Source data -
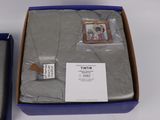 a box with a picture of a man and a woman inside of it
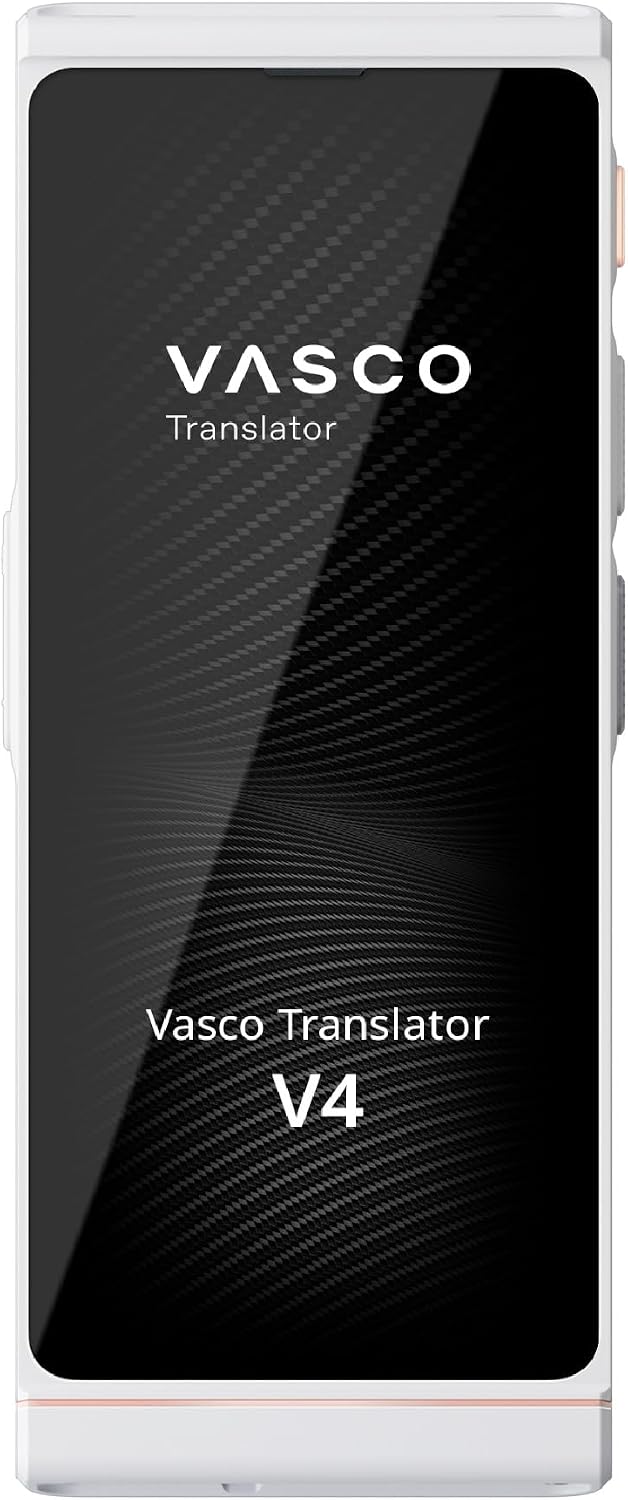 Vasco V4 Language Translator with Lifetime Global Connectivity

--

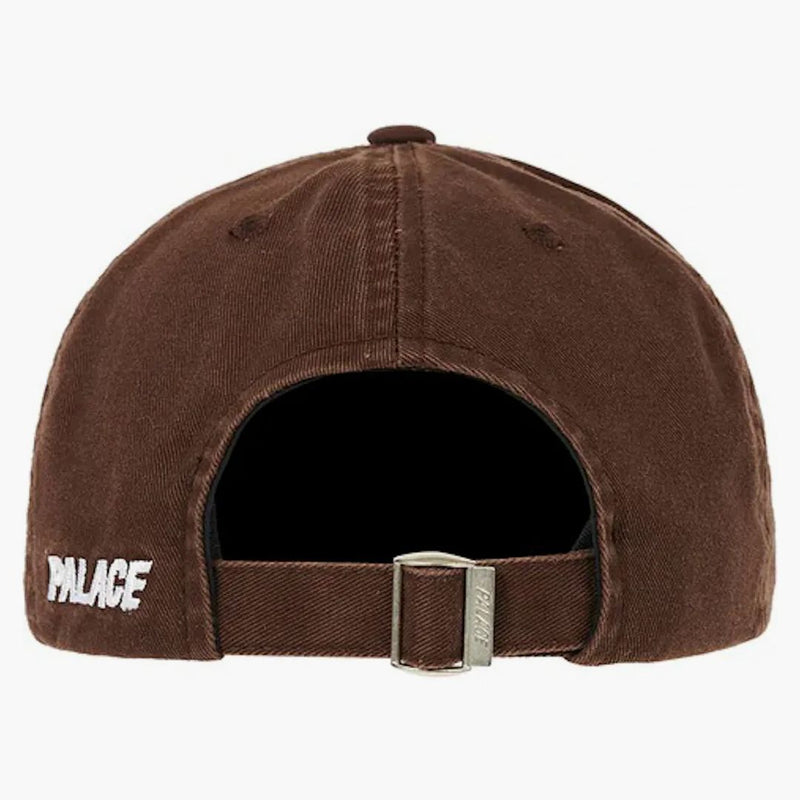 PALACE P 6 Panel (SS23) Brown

Problem description -
Start at the line containing "a box with a" above and stop at the line containing "Vasco V4 Language". Output those lines exactly, both included, but none of the pictures.

Answer space -
 a box with a picture of a man and a woman inside of it
 Vasco V4 Language Translator with Lifetime Global Connectivity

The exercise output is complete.